The mini-budget – immediate help for businesses, but many promises lack detail

8 Minutes

The Chancellor has completed his mini-budget announcement, wherein he will attempt to stimulate UK growth via a mix of tax cuts, the removal of green levies, new investment zones, and an energy costs support plan for businesses and households.

However, many of the Chancellor’s promises lack detail and will need further clarification and inspection before being phased-in over the coming months.

Here’s what we know now:

Energy costs

Concerned that the skyrocketing cost of gas and electricity will drive many UK companies into bankruptcy, the Government is limiting the cost of energy for businesses and households. For businesses, the support will:

• Set a supported wholesale price – of 21.1p per kWh for electricity and 7.5p per kWh for gas. This is less than half the wholesale prices anticipated this winter.
• The reduced pricing will apply to energy usage from 1st October 2022 to 31st March 2023, running for an initial 6 months period for all commercial energy users.
• In addition to the price cap, green levies on energy to businesses are waived for the duration of the support period.
• Estimates place the value of government energy support for businesses at £30bn over 6 months. The source of this cash is not yet provided, but most likely it will come from more Government borrowing.

Corporation tax

The planned rise of UK corporation tax from the current 19% to 25% has been scrapped. The rate will remain at 19% with immediate effect.

Investment Zones

To stimulate growth in regions where low productivity and prosperity are entrenched, the Government is launching new Investment Zones across the UK. Tees Valley, Norfolk, and the West Midlands are early candidates for these freewheeling economic areas. Manufacturing, construction, and businesses providing support services are likely to benefit most from this plan, but no start date has been given for the implementation of these Zones. Key features are said to include:

• Lower taxes on businesses – again, details still to come.
• Relaxed rules on construction and development for new commercial premises and homes for workers within the Zones. This probably means ‘anything goes’ and environmental protections will be low priority.
• 100% tax relief on the cost of new plant and machinery.
• No personal or business contribution to NIC on the first £50,000 of salary for new employees.
• No business rates on commercial premises.
• No stamp duty on homes purchased within the Zones.

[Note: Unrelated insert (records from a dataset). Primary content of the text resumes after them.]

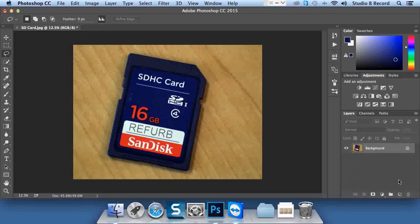When you get test questions on this, pay close attention to whether they're asking for a destructive edit or a non-destructive edit. Here's a tip: if they're asking for a destructive edit, you're probably going to either use a right-click or the menus above. If they're asking for a non-destructive edit, it's always going to be in the form of an adjustment layer.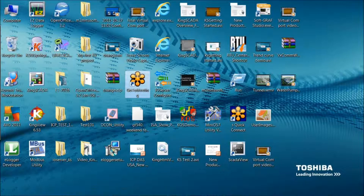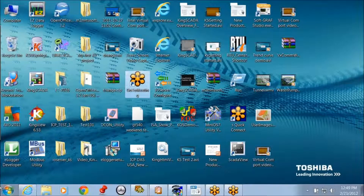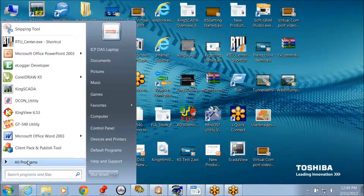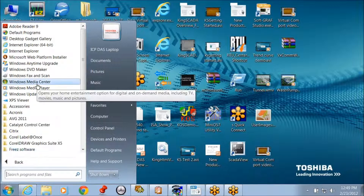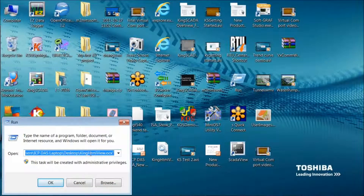Now let me show you the real stuff. The ActiveX control element that you'll need can be obtained from us. To install it, you simply go to Start and go to All Programs. I'm using Windows 7, by the way — if you're on XP, there's a Run button on the bottom left. Go to Accessories, then Run.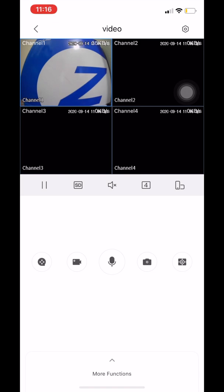Before we move forward, in order for you to enable motion detection notifications on your app, you need to make sure that you have all the settings properly configured on your unit. If it's an NVR or XVR, you need to make sure those settings are enabled correctly. If you haven't done that, please stop the video and watch one of our videos showing you exactly how to do this. Once you enable those settings, you can come back and finish watching this video for the rest of the steps.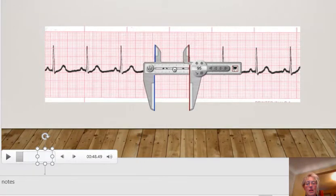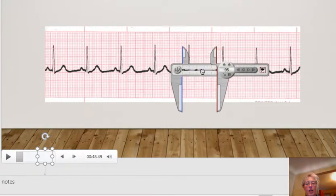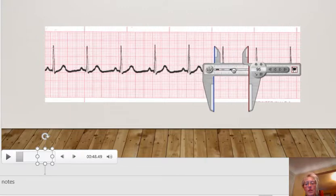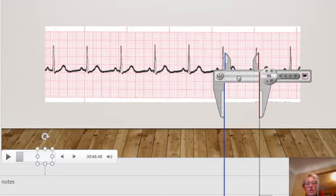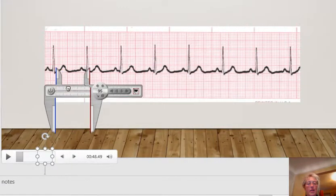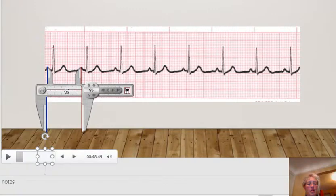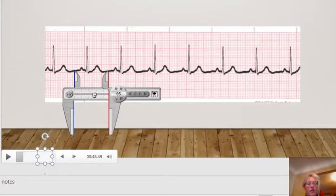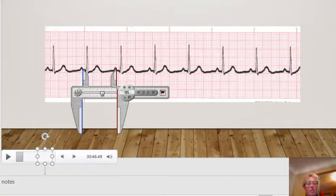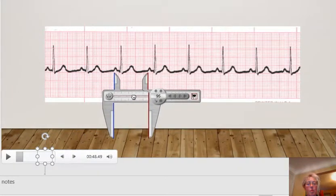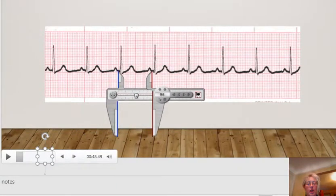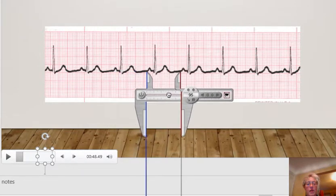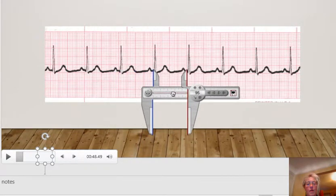So we see that our R complexes are regularly regular, which is always a good thing. We notice also that there is a P for every QRS complex and a QRS complex for every P. And that's what we want because the P waves originate where? In the sinoatrial node, right? That's where the heart starts to depolarize.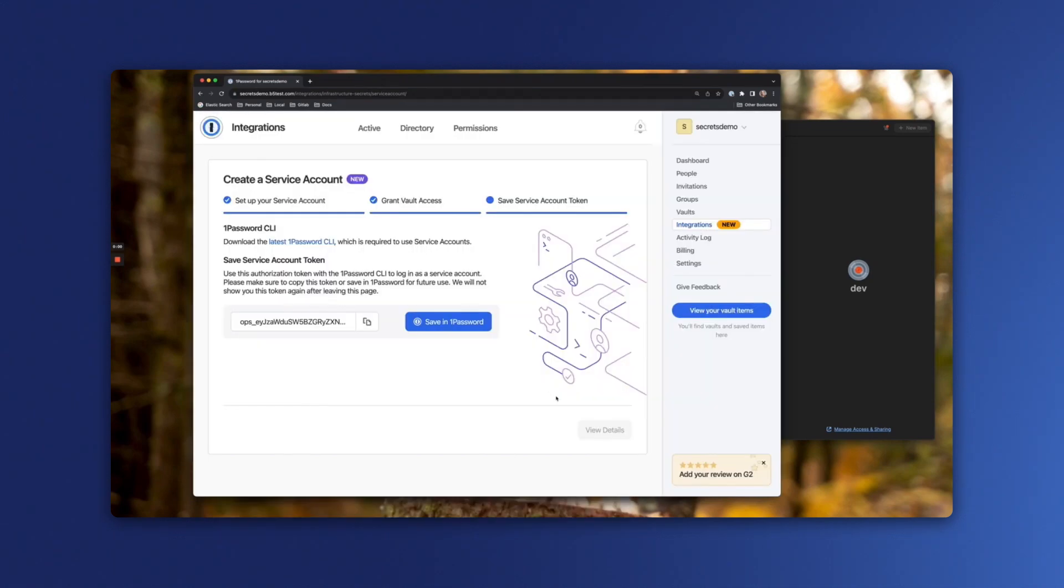From here, we can either copy the token directly to where we need it, or we can store it securely in 1Password. For this example, I'll be copying the credential into the CLI.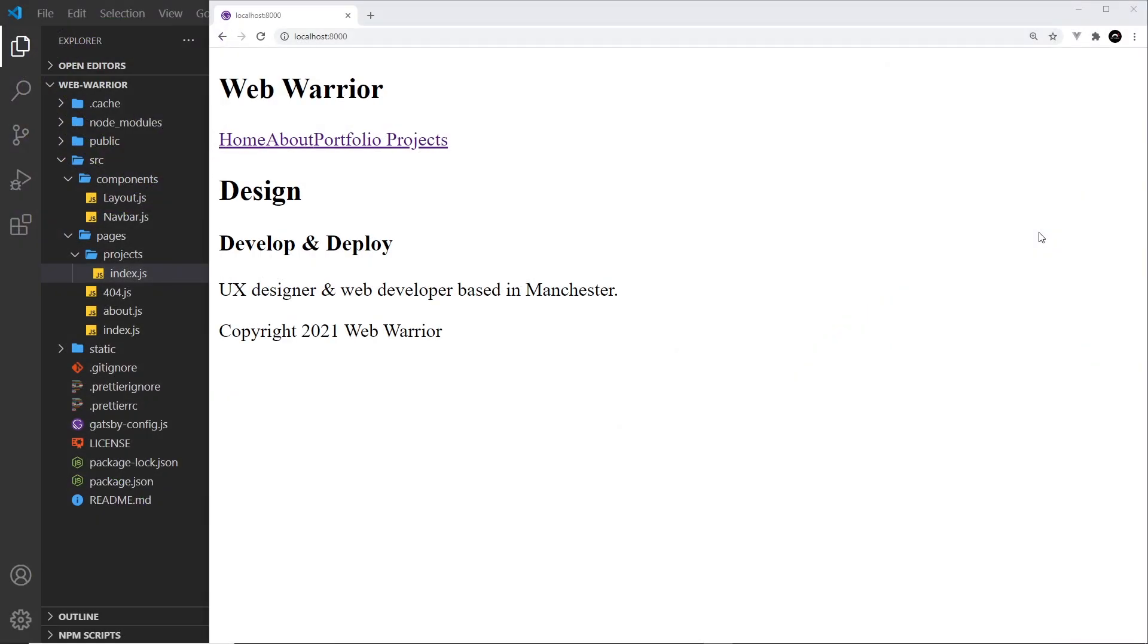Alright then, so now we have a few different pages to this project. We've got our layout component as well. Now what I'd like to do is add a few different styles because currently this is looking terrible. So there's several different ways we can add styles to Gatsby projects. We can use global CSS styles, we could use CSS modules, or we could use styled components.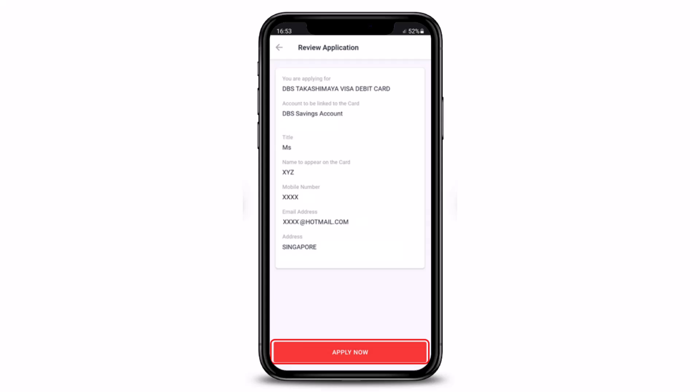To complete the debit card application, your new debit card will be mailed to your address within three to five working days after successful application processing. This is simply how you can go ahead and apply for a debit card via digibank mobile. We hope the video was really helpful. If it did help you, make sure to leave a like and subscribe to the channel. If you've got any more questions, queries, or doubts, make sure to leave them down below. Thank you very much for watching, and see you soon in our next video.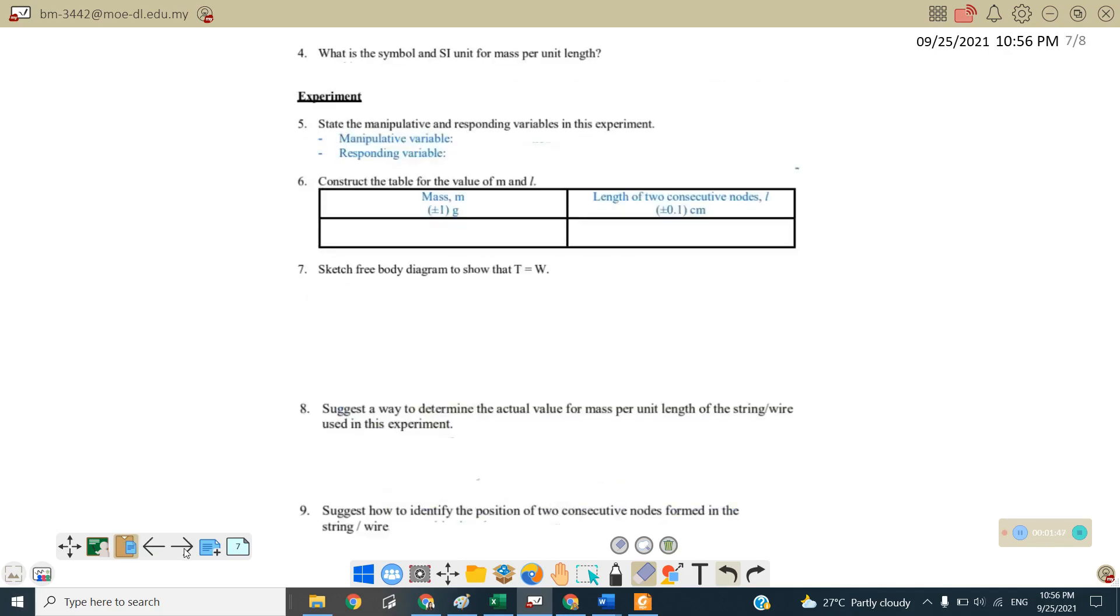So next one, questions number four. What is the symbol and the SI unit of mass per unit length? So mass per unit length is actually mu and the unit is kg per meter.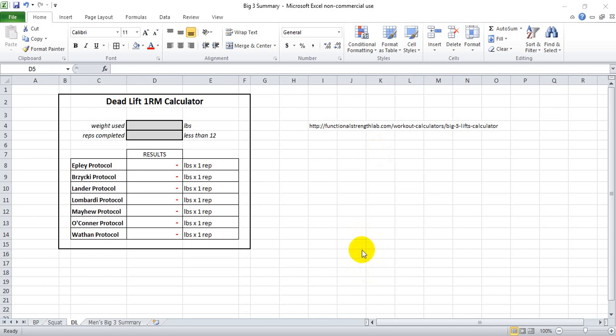If you've been looking for a way to calculate your deadlift maximum without actually lifting the weight, but instead using a formula based on reps that you can perform at various weights, there is a file for you.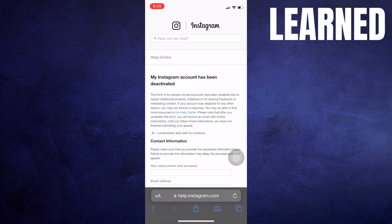If you're accessing Instagram from a web browser and encounter this issue, try clearing your browser's cache and cookies.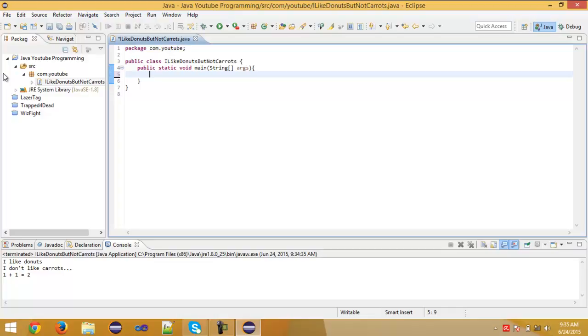In next later tutorials we are going to use double and then finally we are going to use the float. But I'm going to use float when we do methods and constructors. But for this tutorial only integers.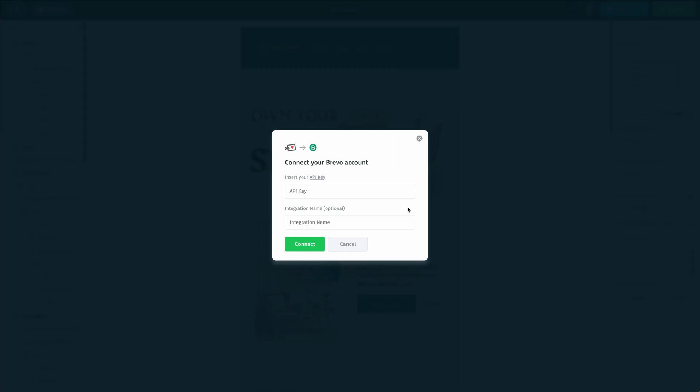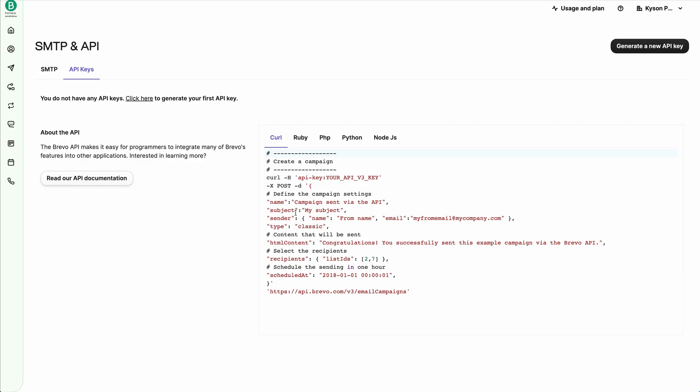And once I do that, that's going to open up a new popup window asking me for my API key from my Brevo account. Now the words API key here are actually a hyperlink and we can click that. And once we click it, it's going to open up our Brevo account and automatically open up the API section inside of our account.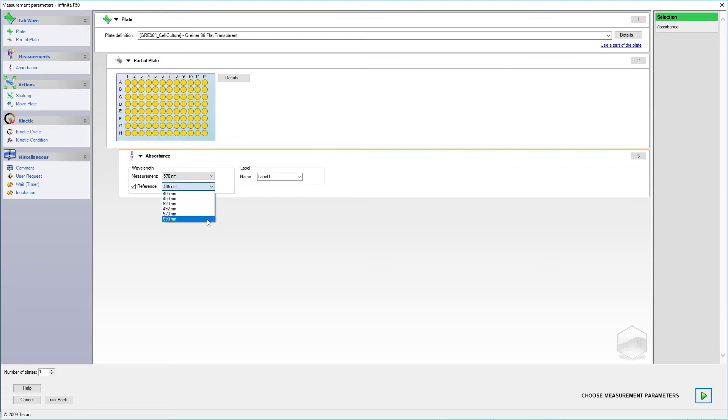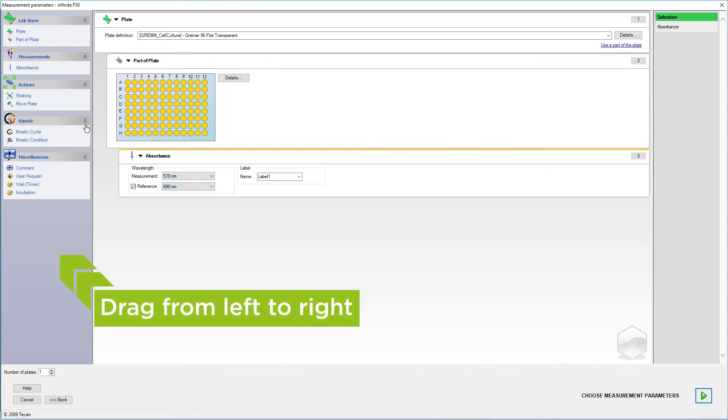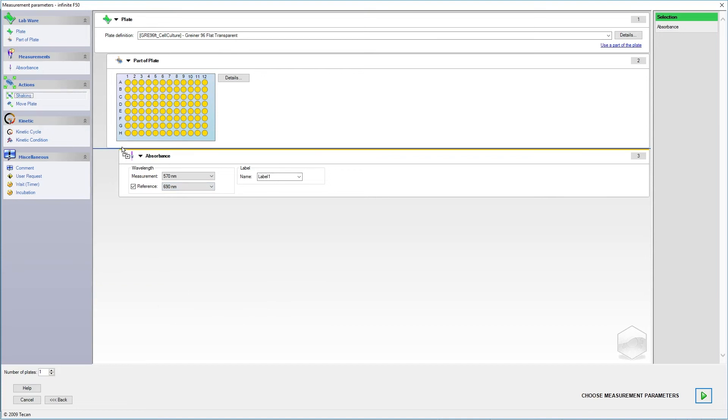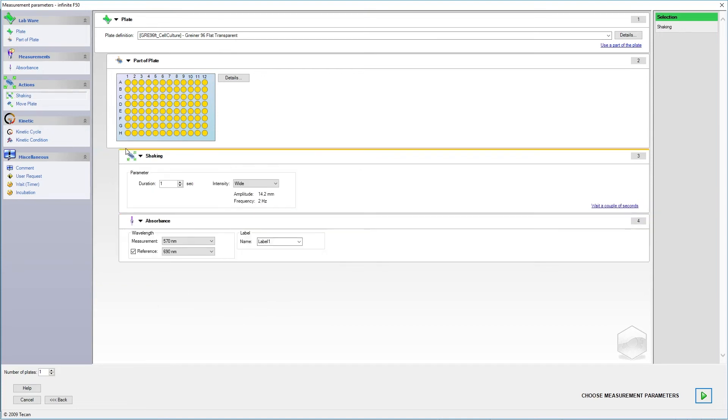New actions can be added to the method by dragging and dropping them from the menu on the left-hand side of your screen. Note that the measurement parameters are processed in a hierarchical manner, from top to bottom.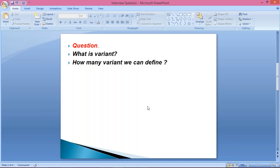Now if you talk about variant, lots of things will come to mind — posting period variant, fiscal year variant, field status variant. So these questions are related to those settings.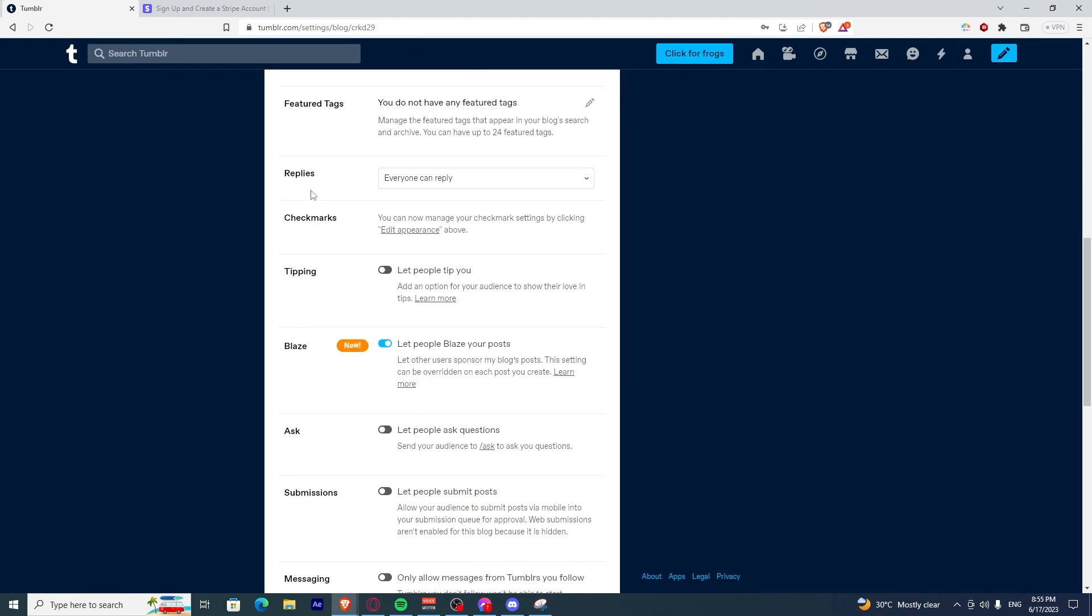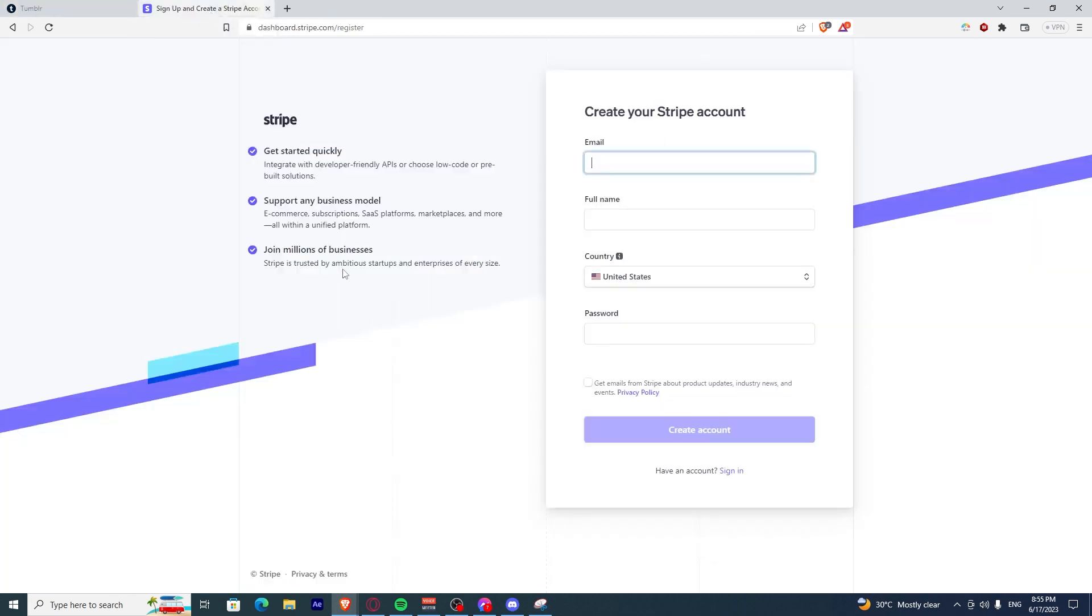Before doing that, you have to sign up to a Stripe account. So how do you sign up?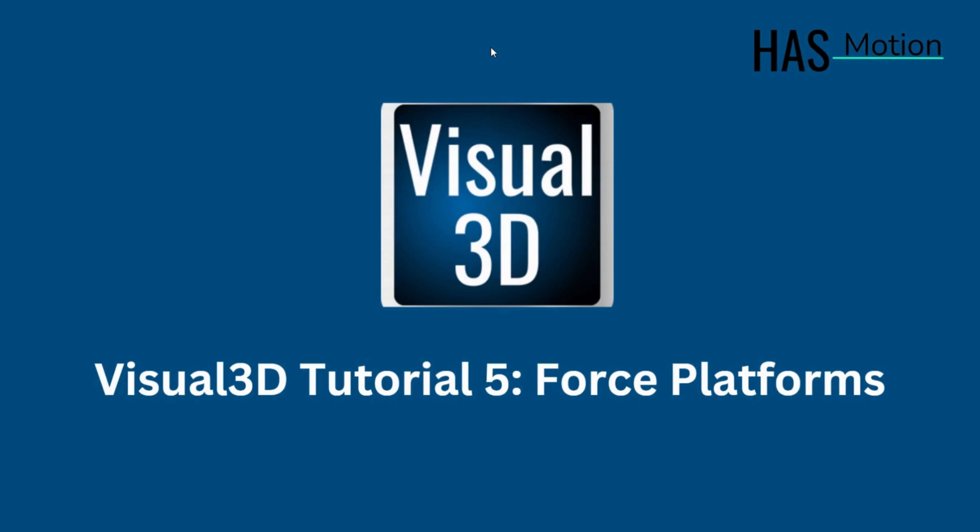Hello everyone, welcome back to another tutorial video on the HazMotion YouTube channel. For this tutorial, we will be overviewing the application of force platforms in Visual 3D.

No changes to current VAT other than the introduction of an ‘all-digital’ VAT reclamation scheme for tourists to the UK. No start date provided for this scheme or details on how its digital structure will function.


Freelancers and the self-employed have struggled with this punitive with-holding tax since its introduction. Now the government says the rules concerning IR35 will be ‘simplified’. But what does that mean? No figures or implementation date have been provided.

National Insurance

The recently introduced and highly unpopular 1.25% increase in employee National Insurance Contributions will be scrapped as of 6th November 2022. Higher paid workers will benefit most, as those with gross income of £100k p.a will save £1093 per year. In comparison, workers earning £20k p.a, will save a meagre £93 per year.

• The additional employer NIC paid by businesses is also scrapped.
• The 1.25% Health and Social Care Le.vy will not come into force as a separate tax from 6 April 2023 as previously planned.
• Key benefit – more money in the pocket of consumers.
• Secondary benefit – less burden on businesses.

Income Tax

Highly paid workers will benefit again – as they will enjoy a reduction in the top rate of Income Tax. As of April 23rd 2023, the peak rate is being reduced from 45% to 40% on income above £150k per year. The basic rate of Income Tax, currently at 20%, will also fall to 19% as of 23/04/2023.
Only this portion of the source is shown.